Please restate word for word each line from the one containing "proper and improper" to the last line of the records below, and drop the pictures.

--------------------

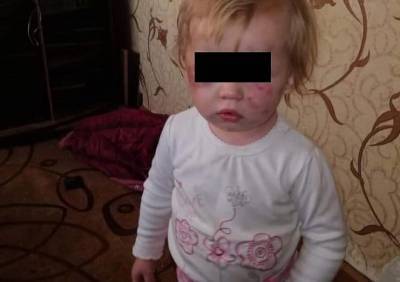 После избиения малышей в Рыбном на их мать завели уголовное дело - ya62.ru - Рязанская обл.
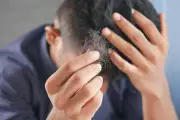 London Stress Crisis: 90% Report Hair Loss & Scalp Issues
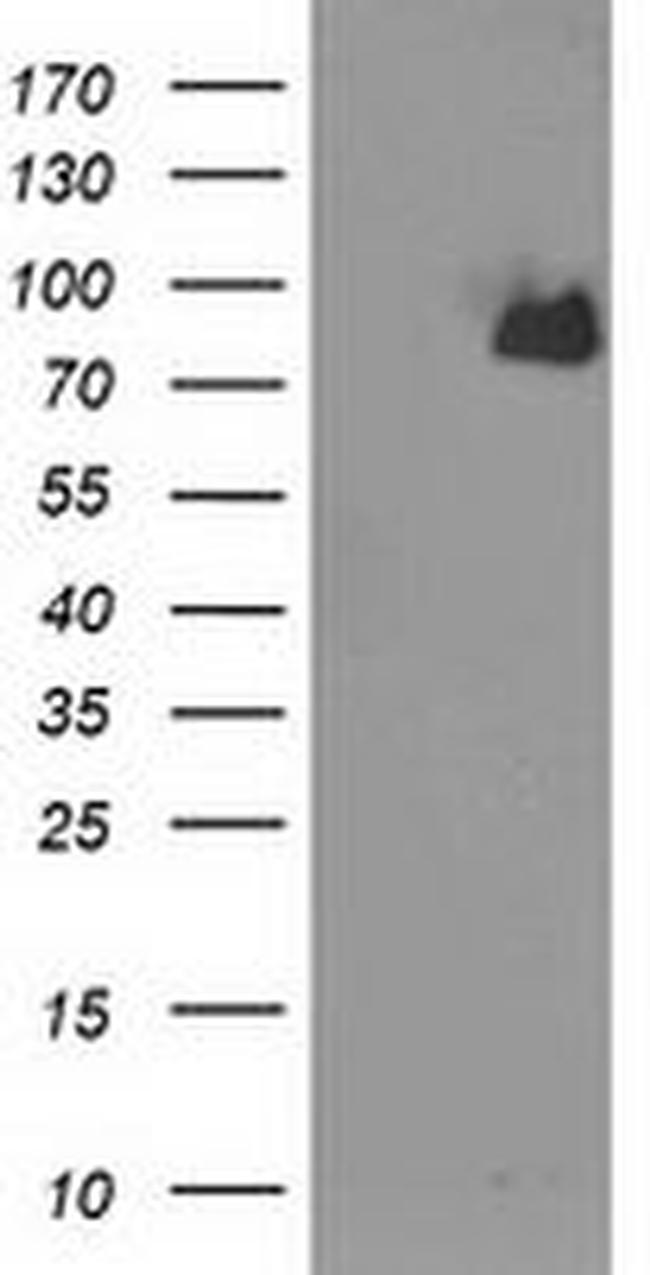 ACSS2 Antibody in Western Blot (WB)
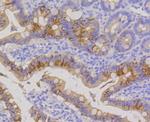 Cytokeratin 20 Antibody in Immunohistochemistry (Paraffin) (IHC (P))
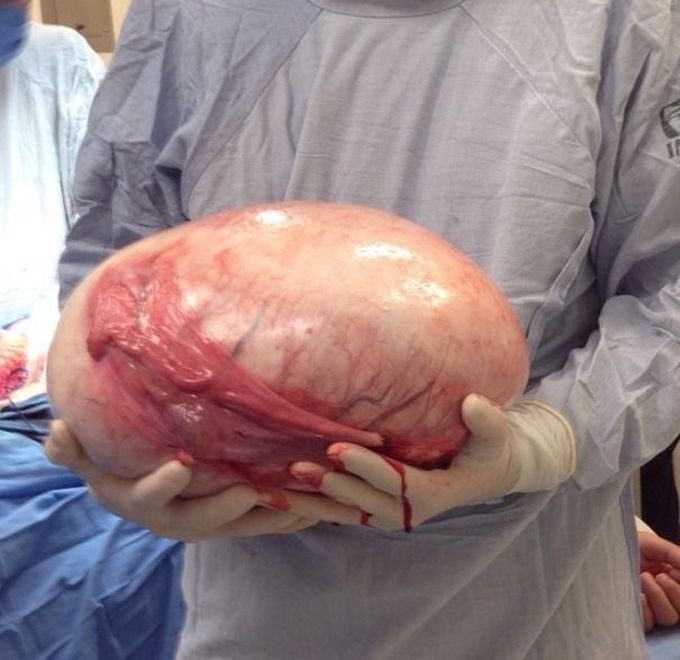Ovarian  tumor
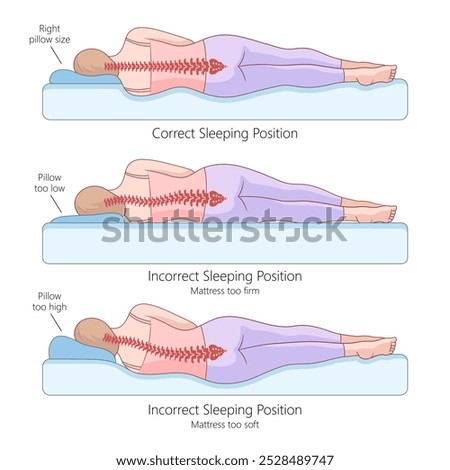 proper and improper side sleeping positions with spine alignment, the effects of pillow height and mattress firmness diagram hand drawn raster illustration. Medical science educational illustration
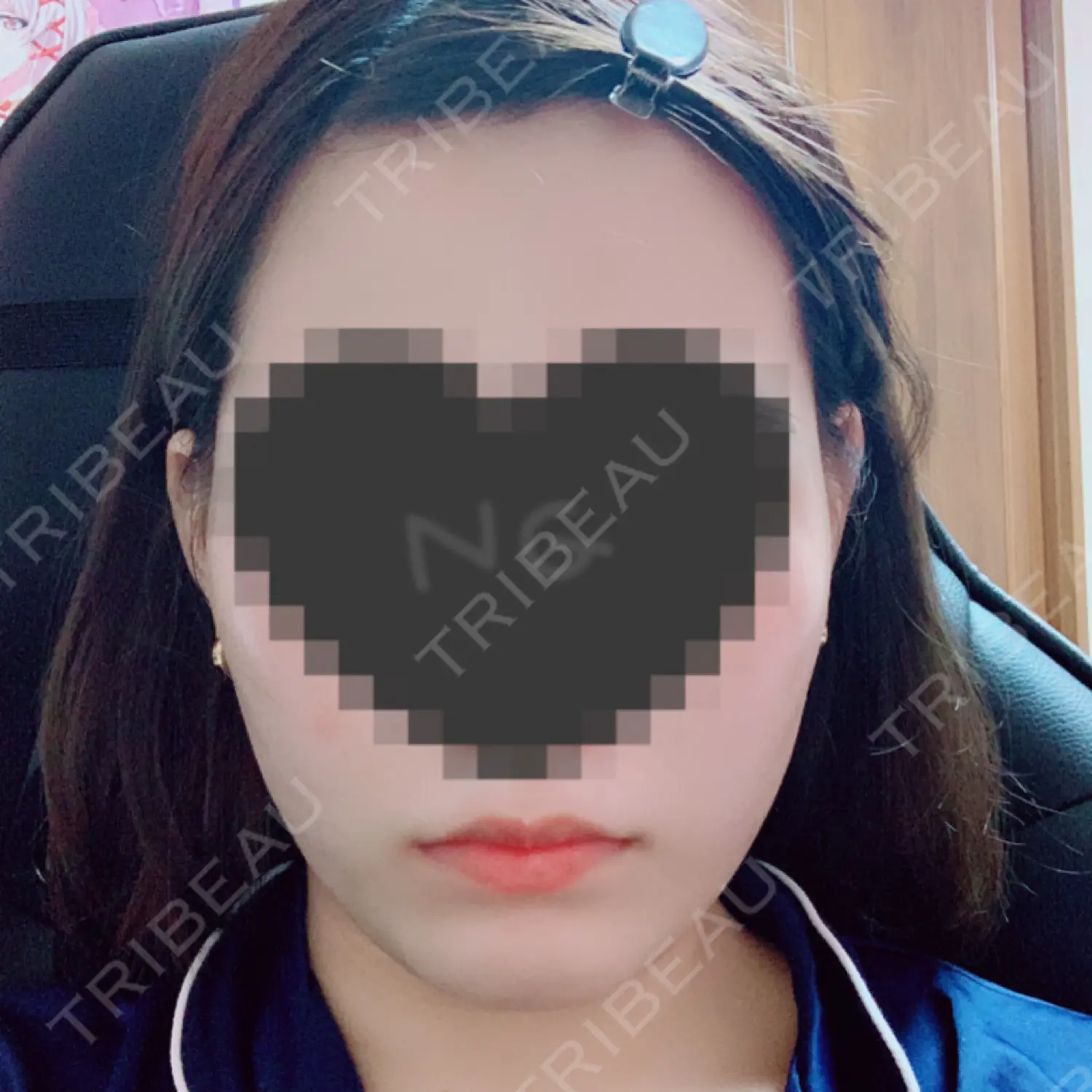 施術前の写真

--------------------

◆ **Solution to the problem**:
 proper and improper side sleeping positions with spine alignment, the effects of pillow height and mattress firmness diagram hand drawn raster illustration. Medical science educational illustration
 施術前の写真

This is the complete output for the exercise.